7th book in the SEAL Team 16 series.
Hmm...well, what comes to mind to say first about this book is that it was good, if taken simply as a book on it's own, but if you take it as part of a series where 6 books came before it, it was lacking.
Flashpoint begins a new phase in the SEALs series, a serious sharp left hand turn from the previous books. After the events that happened in books 5 & 6, several SEALs and FBI Agents left there jobs - some willingly, some not - and formed a security consultation firm, Troubleshooters Inc (TI). So in this book, instead of being focused on SEAL activity, you have a mission being done by TI. Because of all this, you have not only a new book premise, but also an influx of new characters. All of the main characters in the book were completely new.
The main focus is on Jimmy Nash, a former "Agency" operative who is working for TI now. Then there Tess Bailey, a former "Agency" support staffer who joins TI because she wants to do field work. She and Jimmy had a one night stand 2 months before the book started. Those two, along with a few other agents, have been given an assignment to go to Kazbekistant (fictional country) to retrieve the laptop of an al-Qaeda associate who was killed in a recent earthquake. Once there, they meet Sophia, an American in hiding and in big trouble.
As I said, the book on it's own isn't too bad. The plot was somewhat interesting, and the characters weren't too bad. Tess and Jimmy's romance was fairly decent. On just an overall level, the book kept me reading, but it didn't necessarily have me enthralled.
The problem, though, is that it IS part of a series and Brockmann almost completely disregards everything she set up and did in the previous 6 books. Well, to a certain degree.

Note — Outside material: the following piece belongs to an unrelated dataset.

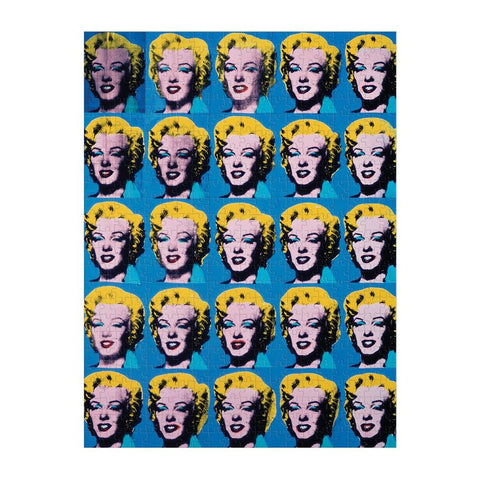 Andy Warhol Marilyn 2-in-1 Double Sided 500 Piece Puzzle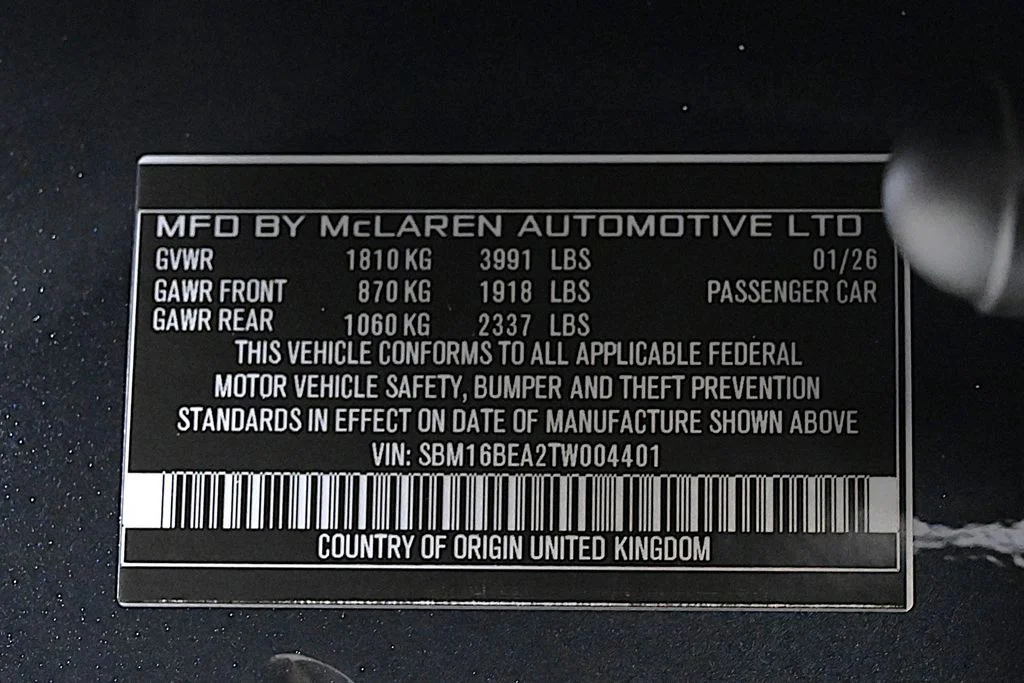 New 2026 Plateaux McLaren Spider image 26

The idea for TI was born at the end of book 6, so tha was used, but that was about it. She didn't follow the format she'd always used, she didn't utilize all the wonderful characters she'd built up, nothing. It barely felt like the book was connected at all. Tom Paoletti (book 1) has a short appearance at the beginning and the end, because he runs TI, Cosmo Richter, a SEAL has a cameo, and Sam and Alyssa are mentioned once, but that's it. She doesn't even tell us anything about Troubleshooters, only the barest of details. Considering the setup of the book, a more detailed description would have been nice. I missed the historical flashback scenes in this one too.
Overall, the book was a bit of a disappointment. Brockmann should have stuck to the formula that made the other 6 books work.